(MATERIAL TO PROCESS begins)

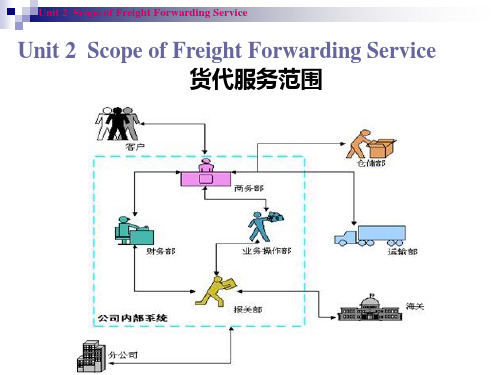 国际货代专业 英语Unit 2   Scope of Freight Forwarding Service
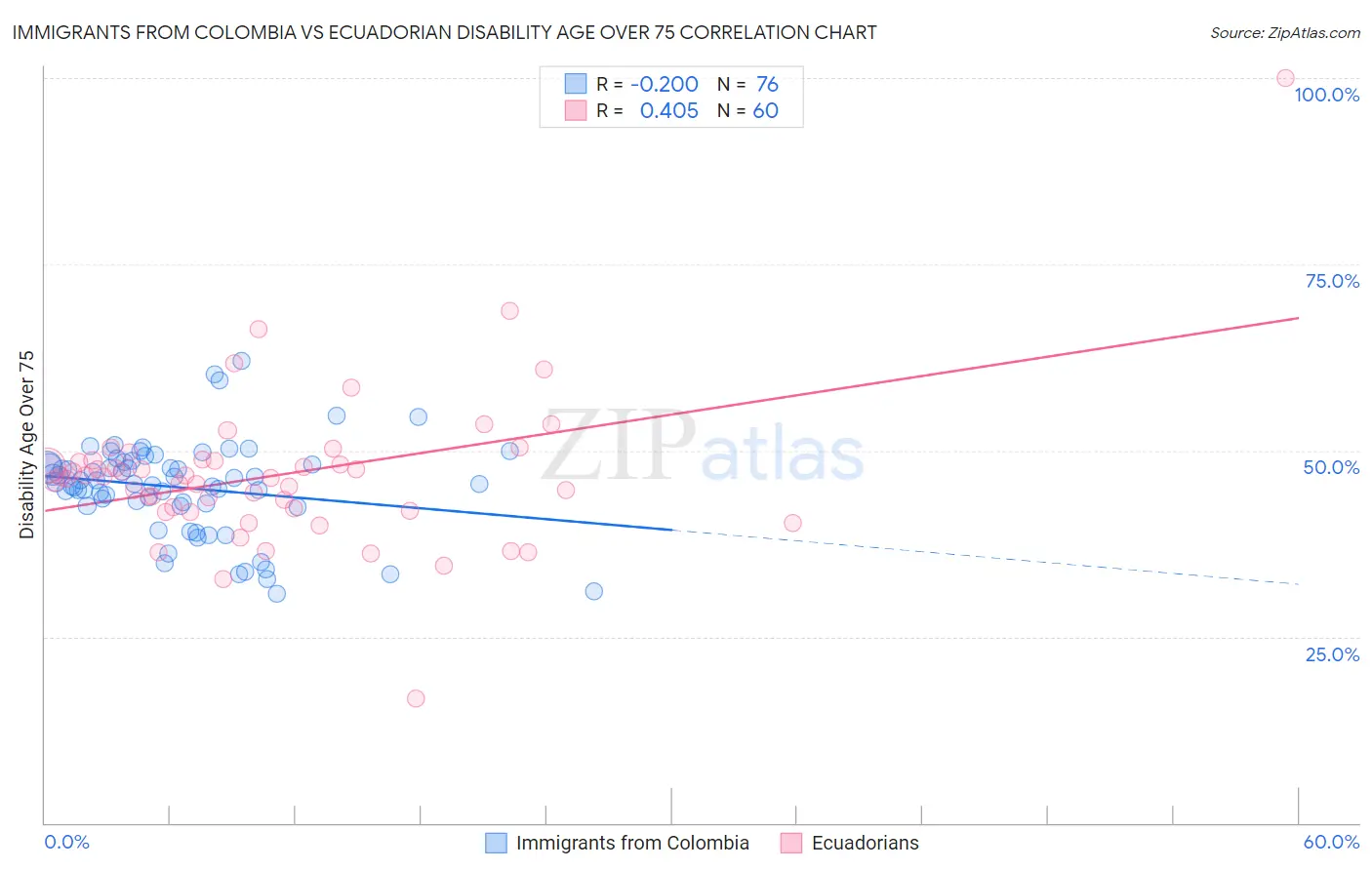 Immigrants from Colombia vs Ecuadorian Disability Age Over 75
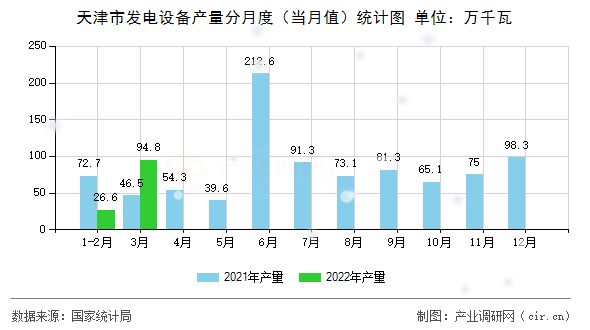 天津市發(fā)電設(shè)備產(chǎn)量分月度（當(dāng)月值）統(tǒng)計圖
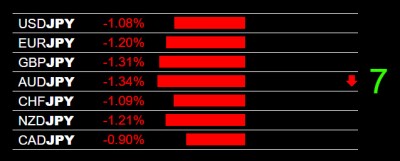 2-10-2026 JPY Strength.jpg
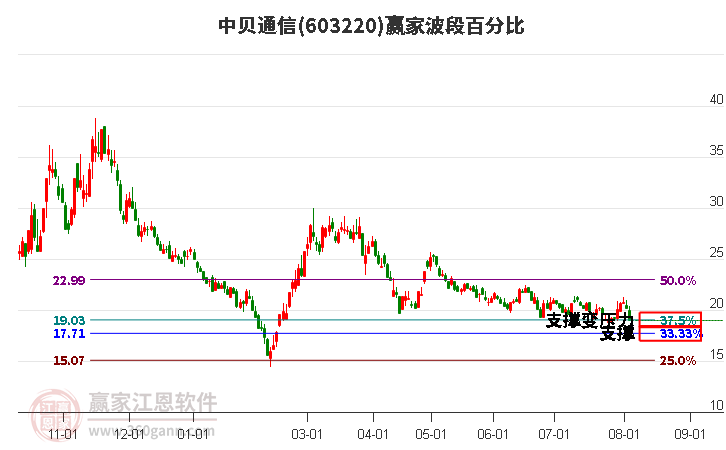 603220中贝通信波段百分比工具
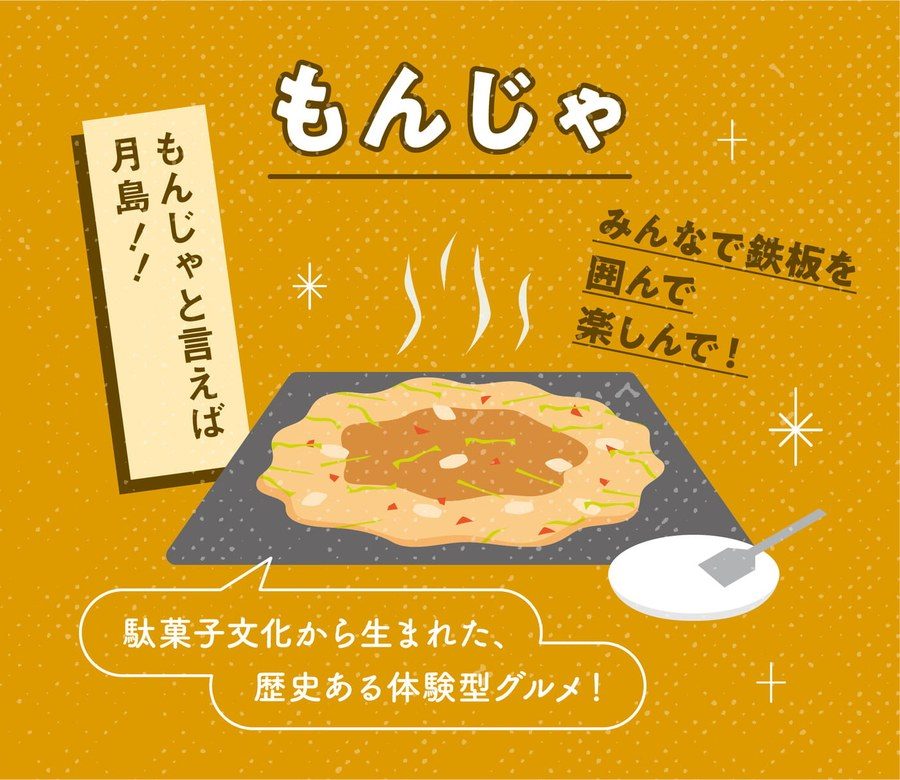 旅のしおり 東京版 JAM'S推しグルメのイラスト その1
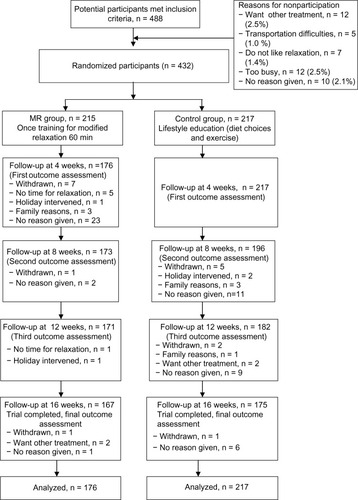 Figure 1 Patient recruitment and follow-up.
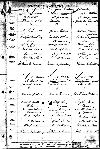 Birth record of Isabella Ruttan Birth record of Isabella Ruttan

(MATERIAL TO PROCESS ends)
(MATERIAL TO PROCESS begins)

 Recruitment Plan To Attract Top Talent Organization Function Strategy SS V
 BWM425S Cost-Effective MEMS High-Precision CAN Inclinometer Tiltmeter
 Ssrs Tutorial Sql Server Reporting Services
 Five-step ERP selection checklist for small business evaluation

(MATERIAL TO PROCESS ends)
(MATERIAL TO PROCESS begins)

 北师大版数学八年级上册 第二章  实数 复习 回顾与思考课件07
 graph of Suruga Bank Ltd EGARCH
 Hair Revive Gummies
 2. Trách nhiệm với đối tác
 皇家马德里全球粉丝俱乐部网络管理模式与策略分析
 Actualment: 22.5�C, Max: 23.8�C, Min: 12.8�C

(MATERIAL TO PROCESS ends)

> **EXERCISE BRIEF**: Among the records above, a stretch begins at the line containing "实数 复习 回顾与思考课件07" and ends at the line containing "Actualment: 22.5�C, Max: 23.8�C, Min: 12.8�C". Restate that stretch word for word, and nothing else.

> **ANSWER SECTION**:
 北师大版数学八年级上册 第二章  实数 复习 回顾与思考课件07
 graph of Suruga Bank Ltd EGARCH
 Hair Revive Gummies
 2. Trách nhiệm với đối tác
 皇家马德里全球粉丝俱乐部网络管理模式与策略分析
 Actualment: 22.5�C, Max: 23.8�C, Min: 12.8�C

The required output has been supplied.